Column performance and the time required to replace the GAC can be estimated through tests in a pilot installation, mathematical models, and rapid small-scale column tests (RSSCT).
Testing in a pilot installation is the most reliable way to represent the performance of a GAC column [30]; however the time and financial costs for carrying out the studies are high and, as they demand large volumes of water, is impossible its execution in the laboratory.
Mathematical models have been widely used to estimate the dynamics of the operation of a GAC column. Specifically, Homogeneous Surface Diffusion Model (HSDM), which has been applied in studies with several pollutants providing reliable information that reproduces the operation of a column of Full-scale [31,32,33,34,35,36]. The model considers the adsorption process occurring in two sequential diffusion steps, namely: diffusion through the stationary fluid layer surrounding the adsorbent particle (film diffusion) and diffusion through the internal pores of the adsorbent (surface diffusion).
However, in order to obtain reliable simulations, the precise determination of the model’s input parameters is essential. Applying the HSDM model requires accurately determining the adsorption equilibrium parameters and the mass transfer coefficients (film diffusion coefficient and surface diffusion coefficient) [37]. Equilibrium parameters are commonly estimated by determining the adsorption isotherms [38]. Batch kinetic studies or column tests, among other approaches, can be applied to determine the mass transfer coefficients.
Weber and Liu [39] developed the methodology of short bed adsorber tests (SBA) which allows the determination of the mass transfer coefficients simultaneously. The methodology consists of operating a system of fixed bed columns that operate with the same granulometry and surface flow rate as the full-scale columns; however, these columns have a sufficiently reduced bed thickness to obtain immediate rupture in their operation. Thus, the initial concentration influent to the column is different from zero [39,40].
Comparing the breakthrough obtained by the SBA test and the breakthrough provided by the HSDM model make it is possible to obtain the mass transfer coefficients.
Several works demonstrate the effectiveness of SBA tests in estimating mass transfer coefficients for various contaminants [31,32,33,40]. While the SBA constitutes a methodology that allows obtaining the mass transfer coefficients necessary for the application of HSDM model, the RSSCT is a test that can produce the same fixed-bed breakthrough of a full-scale GAC column, dispensing with the application of mathematical models, via bench-scale tests using GAC granulometry and axial velocity different from those used in a full-scale column.
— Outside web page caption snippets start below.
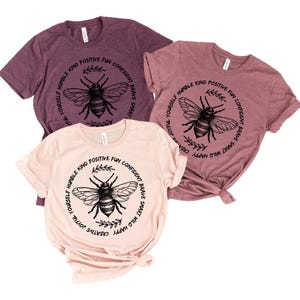 May include: Three short-sleeved t-shirts in shades of mauve and blush. Each shirt features a circular design with a bee illustration and the words "Yourself, Humble, Kind, Positive, Fun, Confident, Brave, Smart, Wild, Happy, Creative, Joyful".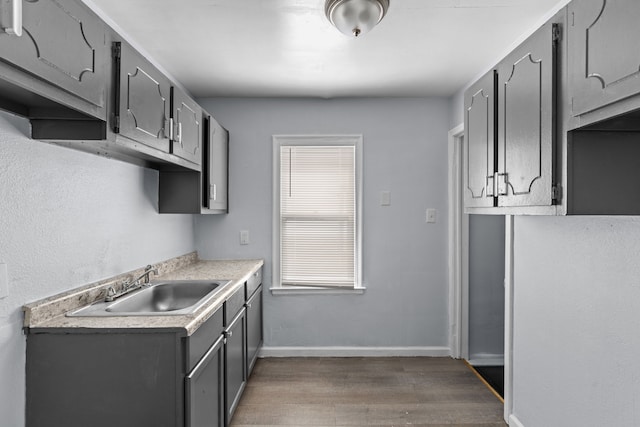 kitchen featuring dark wood-type flooring, gray cabinets, a sink, and light countertops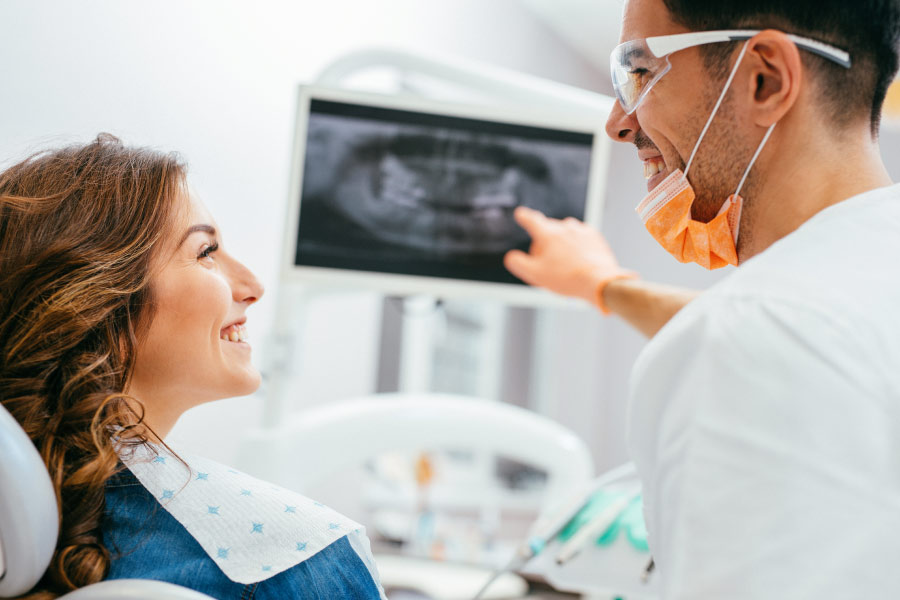 dentist explaining a dental x-ray to a female patient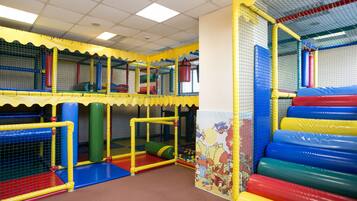 A multi-level indoor play area with netted walls and padded flooring.
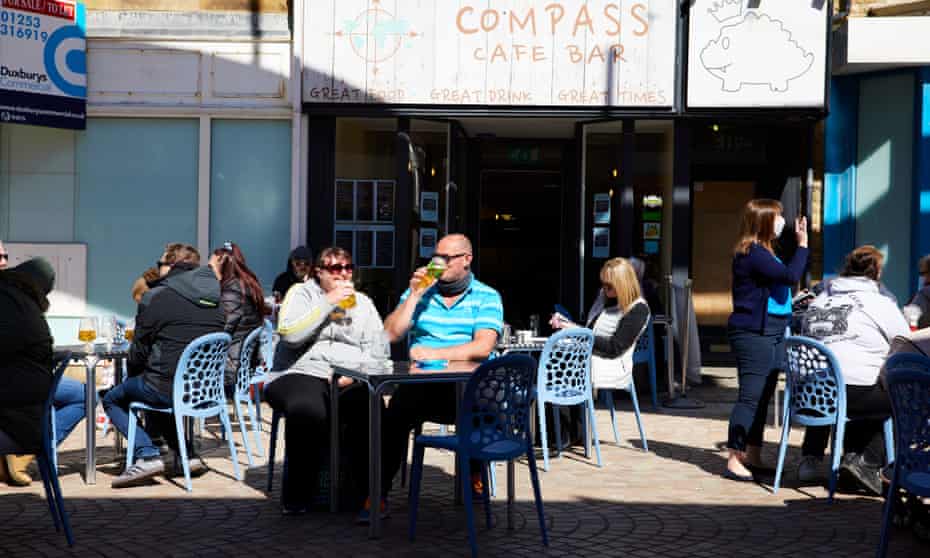 People enjoy drinks in the sunshine outside a bar near the Winter Gardens Blackpool.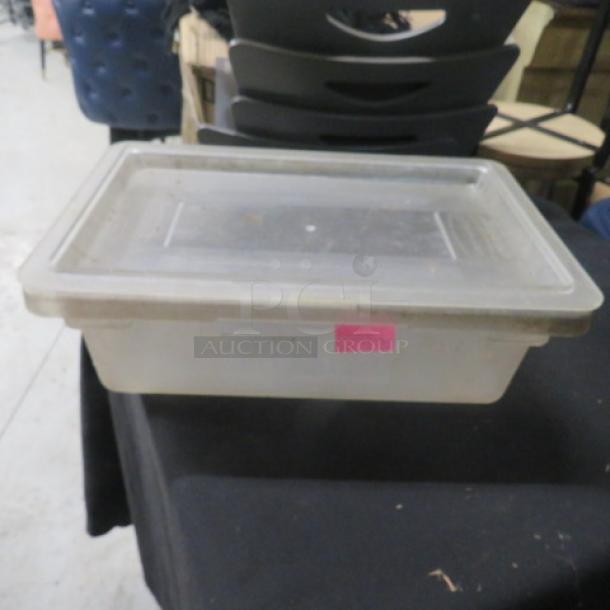 3.5-gallon food storage container with lid, clear plastic, used condition. Rectangular shape, pink label visible on the side.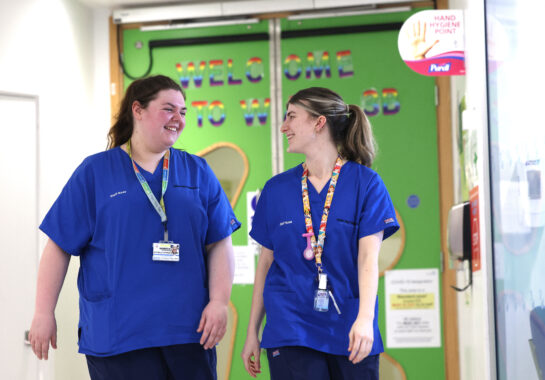 Two nurses walking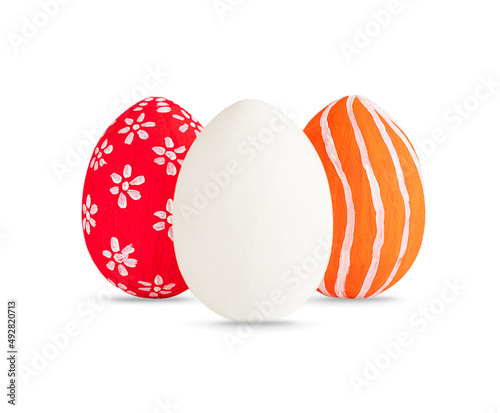 Hand painted red  orange and white Easter eggs decorated white lines and dots isolated on white. Colored easter eggs on white background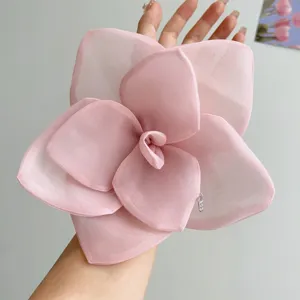 Detailed view of oversized romantic pink mesh rose flower hair clip with metal tag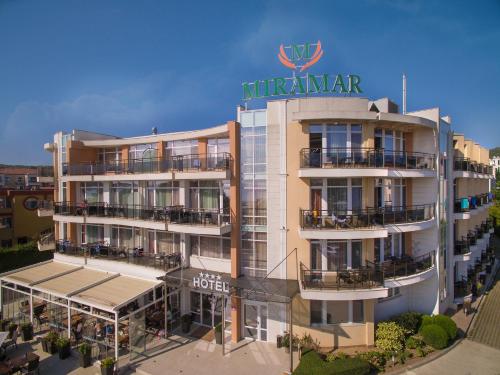 a hotel with a sign on top of it at Hotel Miramar Sozopol in Sozopol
However, using RSSCT is conditioned to a previous validation of the method for the adsorbents and adsorbates studied [41].
Although studies prove the efficiency of activated carbon adsorption technology to remove dissolved cyanotoxins, studies evaluating fixed-bed adsorption columns employing GAC for CYN removal are rare or non-existent. In this context, using an ultrafiltered base water, the present work aimed to: (1) identify, between two commercial GACs of different origins, the one with the highest CYN adsorption capacity. For the highest capacity GAC, (2) obtain the adsorption equilibrium parameters and the mass transfer coefficients (film diffusion coefficient and surface diffusion coefficient) necessary to apply the HSDM model (3) apply the HSDM model to estimate the Fixed-bed breakthrough of a full-scale granular activated carbon column under different EBCT.

2. Materials and Methods

The study included two experimental stages. Initially, the carbons were characterized and then tests of adsorptive capacity were carried out to choose the carbon with the highest capacity to remove CYN. Subsequently, short bed adsorber tests were carried out, followed by mathematical modeling to estimate the Fixed-bed breakthrough of a full-scale granular activated carbon column. The Paranoá Lake water, after ultrafiltration, was used as the base water in all the experimental stages.

2.1. Study Water

The base water was collected at the Water Treatment Plant (WTP), Lago Norte, located in Brasilia, Federal District, Brazil. Paranoá Lake is the source supply of the WTP that possesses ultrafiltration technology in its treatment process. The base water was collected after the ultrafiltration step that precedes the chlorination step and characterized in relation to pH and turbidity, measurements of total organic carbon were not performed in this study.
Prior to carrying out the tests intended for each experimental stage, the base water was collected for the preparation of the study water. The preparation of the study water consisted of adding a CYN extract to the collected base water. The CYN extract was obtained from the lysis of the cultured strain of CYN-producing cianobacteria Raphidiopsis Raciborskii, formerly called Cylindrospermopsis raciborskii.
The cultivation of Raphidiopsis raciborskii was carried out at the Environmental Sanitation Laboratory of the University of Brasília. The cultured cells were lysed through ice and thawing steps three consecutive times. Subsequently, the lysed culture was filtered using filter paper, then filtration on a fiberglass membrane and finally filtration on a 0.45 μm cellulose ester membrane.
The lysed extract was added to the base water aiming at an initial concentration of CYN in the study water of 100 μg/L. The CYN concentration of 100 μg/L was adopted because it was the maximum concentration found in monitoring of raw water reservoirs in Australia and the United States of America [42,43].
Before the beginning of each test, the pH of the study water was adjusted to a value of 6.5, using 0.5 M HCl or 0.25 M NaOH solutions. The slightly acidic pH of the study simulated the pH of the ultrafiltrated water prior to the disinfection step. After preparing the study water, the initial concentration of CYN was quantified by Enzyme-Linked Immunosorbent Assay (ELISA) test kits produced by EUROFINS ABRAXIS.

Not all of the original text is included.